İç Savaş, son olarak el-Faşir'de yaşanan çatışmalarla tekrar uluslararası medyanın gündemine oturdu. Sudan’ın batısındaki Darfur bölgesinde uzun süredir kuşatma altında bulunan el-Faşir kenti, geçtiğimiz pazar günü paramiliter Hızlı Destek Kuvvetleri’nin (RSF) eline geçti. Kent, Sudan ordusunun Darfur’daki son önemli kalesi konumundaydı. Birleşmiş Milletler, bölgenin ele geçirilmesinden sonraki 2 günde en az 2000 kişinin öldürüldüğünü açıkladı.
Birleşmiş Milletler'in 2025 başı itibarıyla yayınladığı verilerde 30,4 milyon insan acil insani yardıma muhtaç olduğu paylaşıldı. Yaklaşık 8,8 milyon kişi ülke içinde evini terk etti; 3 milyondan fazlası ise Çad, Güney Sudan, Mısır ve Etiyopya’ya sığındı. 25 milyon kişi akut gıda güvensizliği yaşıyor, 5 milyona yakın kadın ve çocuk yetersiz beslenme tehlikesiyle karşı karşıya. Açlık, çatışmanın bir sonucu değil, bilinçli bir savaş aracı haline gelmiş durumda. Hem RSF hem SAF, insani yardım konvoylarını engelleyip depoları yağmalayarak açlığı stratejik biçimde kullanıyor. Sağlık sisteminin yüzde 80’inin işlemez hale gelmesi ise kolera ve kızamık gibi salgınların yayılmasına yol açıyor.

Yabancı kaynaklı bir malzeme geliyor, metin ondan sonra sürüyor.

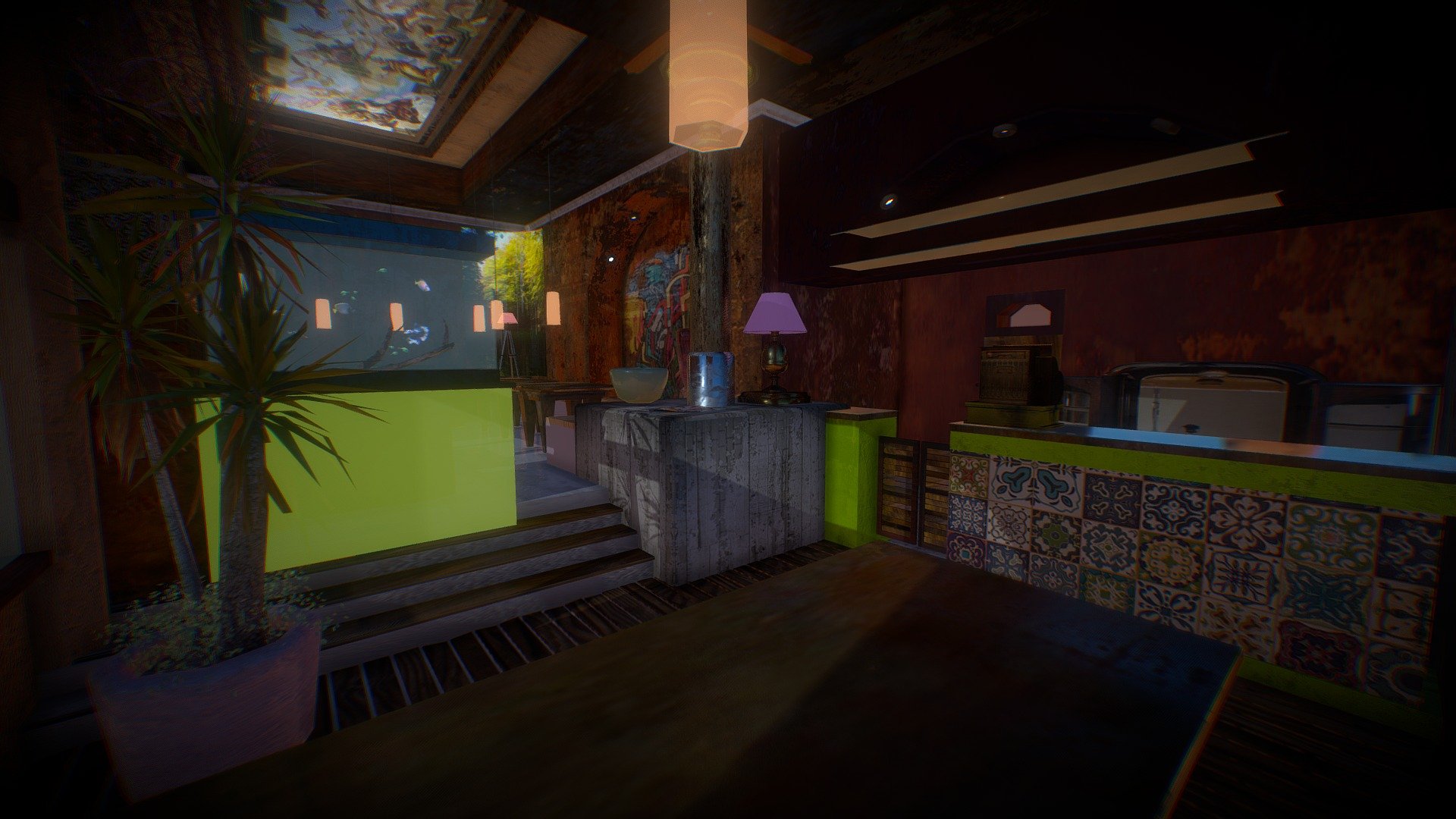 Little Latin Bar - 3D model by TRYFIELD 3d model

Darfur’da ise savaş suçları ve soykırım iddiaları gündemde. RSF ve müttefik Arap milisler, özellikle Batı Darfur’da Arap olmayan Masalit topluluğunu hedef alarak sistematik şiddet eylemleri gerçekleştirdi. ABD hükümeti, Ocak 2025’te RSF’nin Darfur’da soykırım işlediğini resmen tanıdı. Kadın ve kız çocuklarına yönelik tecavüz, cinsel kölelik ve toplu saldırılar, savaşın en korkunç boyutlarından biri haline geldi.
"Etnik temizlik": El Faşir'de neler oldu?
Çatışmalar, sivil halk için tam bir felakete dönüştü. RSF birliklerinin şehre yönelik ağır saldırıları sonucu, BM ve bağımsız gözlemciler en az 2000 sivilin öldürüldüğünü bildiriyor. Uydu görüntüleri, toplu mezarların oluştuğunu doğrularken; sahadan gelen tanıklıklar, kadın ve çocukların da hedef alındığını gösteriyor.
Kentte yaklaşık 177 000 sivil hâlâ kuşatma altında ve temel ihtiyaçlara erişim tamamen kesilmiş durumda. BM’ye bağlı kuruluşlar, şehirde gıda stoklarının tükendiğini, yüzlerce ailenin yakındaki Tawila kasabasına sığınmaya çalıştığını bildiriyor. Ancak RSF kontrol noktaları nedeniyle sivillerin çoğu şehirden çıkamıyor. UNICEF ve İnsan Hakları İzleme Örgütü (HRW), yaşananları “zorla yerinden etme” ve “etnik temizlik” olarak nitelendiriyor.
El Faşir, Darfur’un idari merkezi olması ve Sudan ordusunun bölgedeki son dayanak noktası olması nedeniyle stratejik anlamda hayli önemli. Şehrin RSF’nin eline geçmesi, hem askeri dengeyi değiştirecek hem de Darfur’daki etnik çatışmaları tüm bölgeye yayma riski yaratacak. Uzmanlar, şiddetin bu ölçekte devam etmesi hâlinde bölgesel bir göç krizinin kaçınılmaz olduğunu belirtiyor.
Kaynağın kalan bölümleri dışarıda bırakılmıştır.